Recensione di Daniela Cinelli

 

C’è sempre e solo stata una strada

un giardino sul retro, una camera da letto:

ogni volta che ti svegliavi ti svegliavi con sopra

il soffitto sotto cui eri nato,

per il più breve, inconscio secondo

a un battito di ciglia da casa.[1]

(Dermot Bolger, Whenever You Woke)

 

Se la lettura di un libro di psicoanalisi conduce misteriosamente, ma con decisione, a un’area della mente in cui risuonano versi poetici è perché garantisce un’ariosità di pensiero in cui riverberano aree personali che garantiscono un accesso conoscitivo-emotivo che è al tempo stesso una dimensione esperienziale.
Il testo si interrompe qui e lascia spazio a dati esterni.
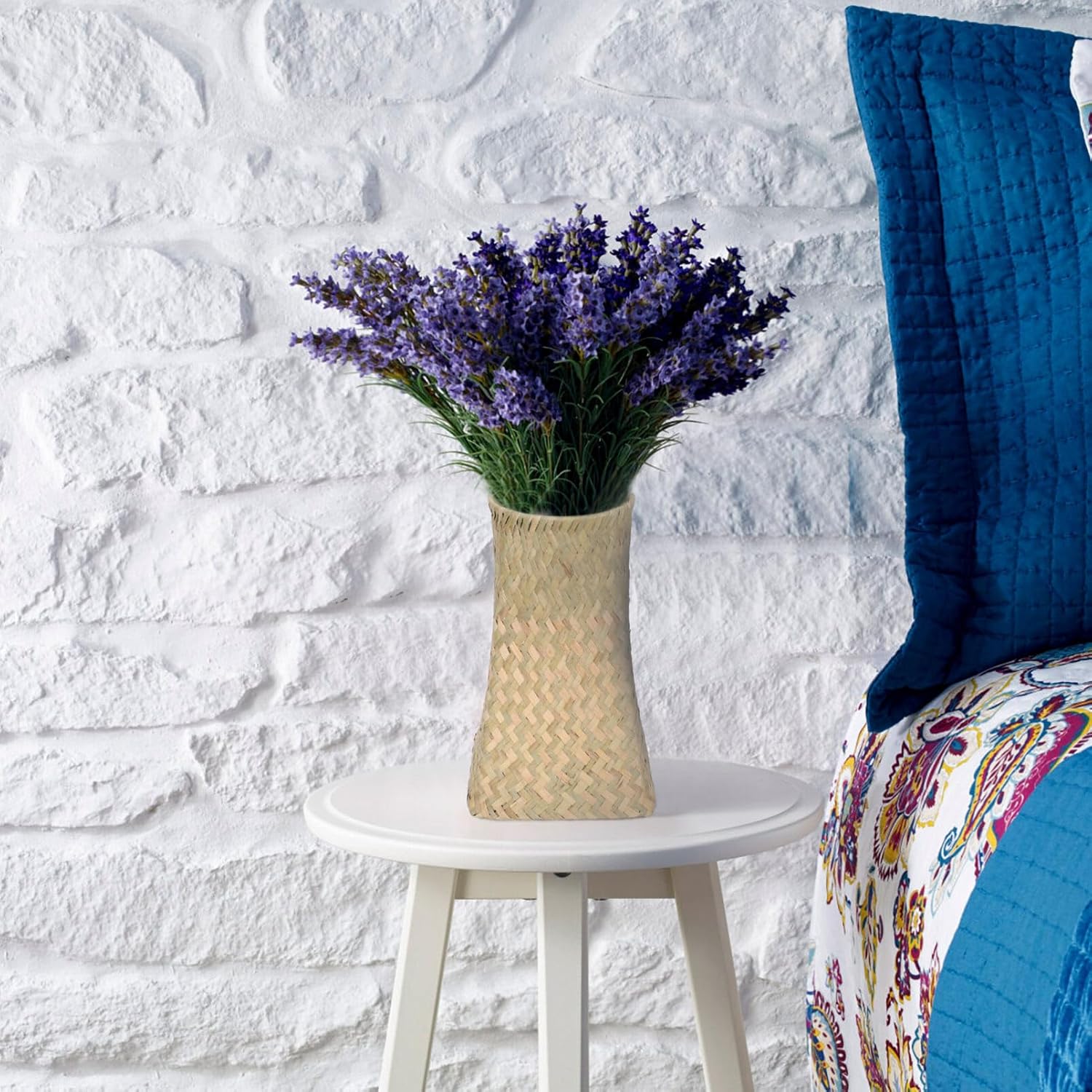 Angoily Woven Seagrass Vase with Dried Flowers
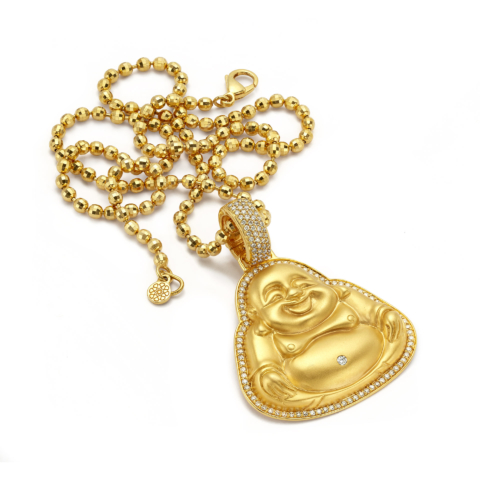LARGE MATTE-FINISH HAPPY BUDDHA PENDANT WITH DIAMONDS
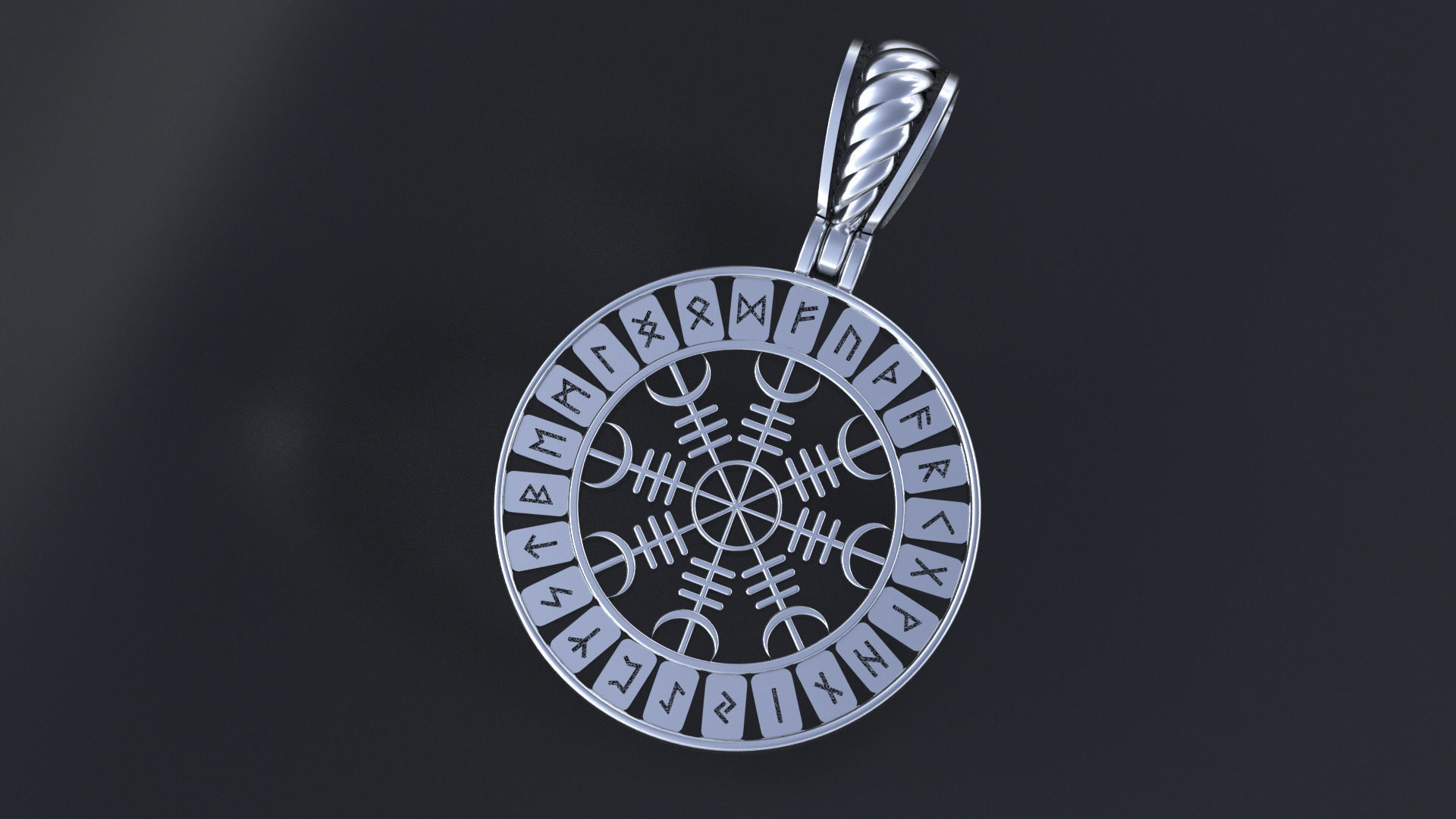 Pendant with Scandinavian runes cnc model or 3D print model 3D print model_3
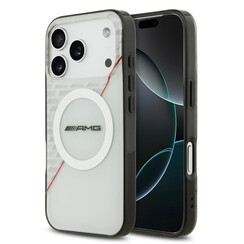 AMG iPhone 17 Pro/iPhone 18 Pro Coque arrière MagSafe Double couche Ligne rouge - Blanc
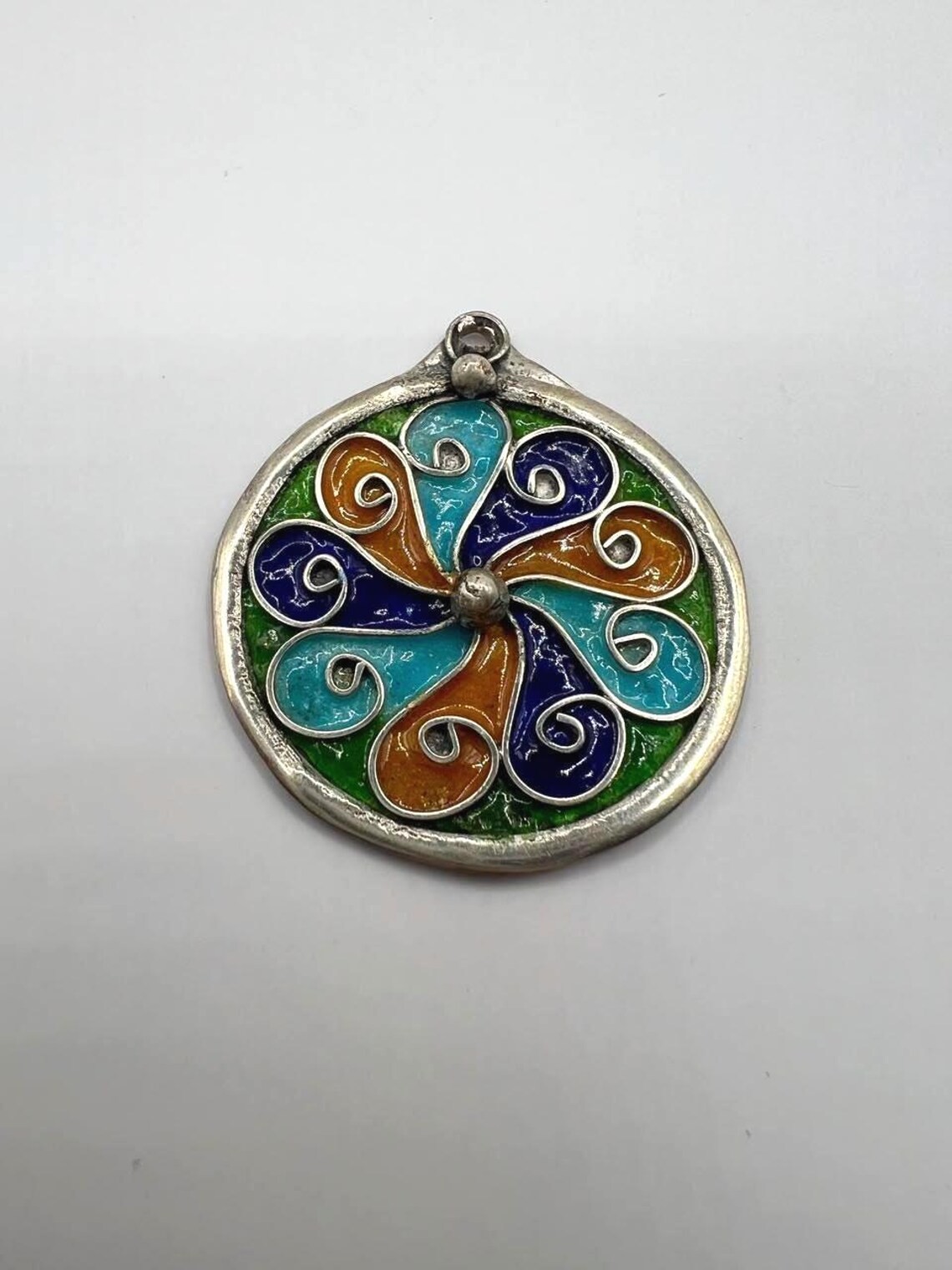 Sterling Silver Kabyle Amulet Pendant Enamel Berber Tribal Ethnic Boho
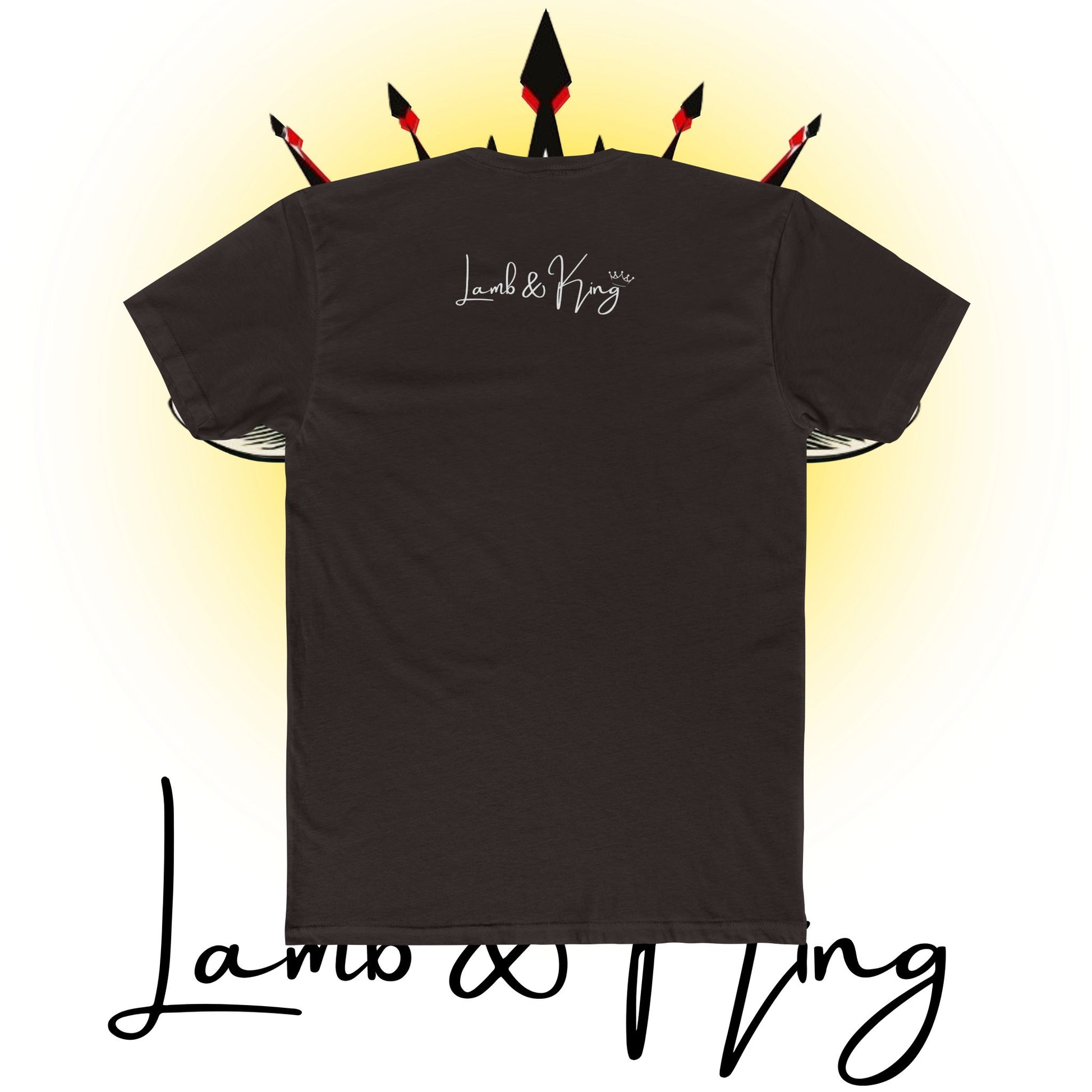Solid Dark Chocolate Lamb & King Script Logo T-shirt featuring the elegant Lamb & King script logo centered across the upper back.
Tra le pieghe della mia personale lettura dei versi posti in esergo, infatti, si annidano alcuni dei temi cardine di questo volume: la presenza di una dimensione intrinsecamente transferale che colora la nostra intera esistenza e il bisogno fusionale di contatto come esigenza specificamente umana e potenzialmente evolutiva, garantita dal potere dell’illusione che promuove e sostanzia la relazione con la realtà e con la propria esistenza.

Questo è il territorio nel quale l’operare clinico ampiamente illustrato nel testo e il contesto teorico a esso sotteso si innestano.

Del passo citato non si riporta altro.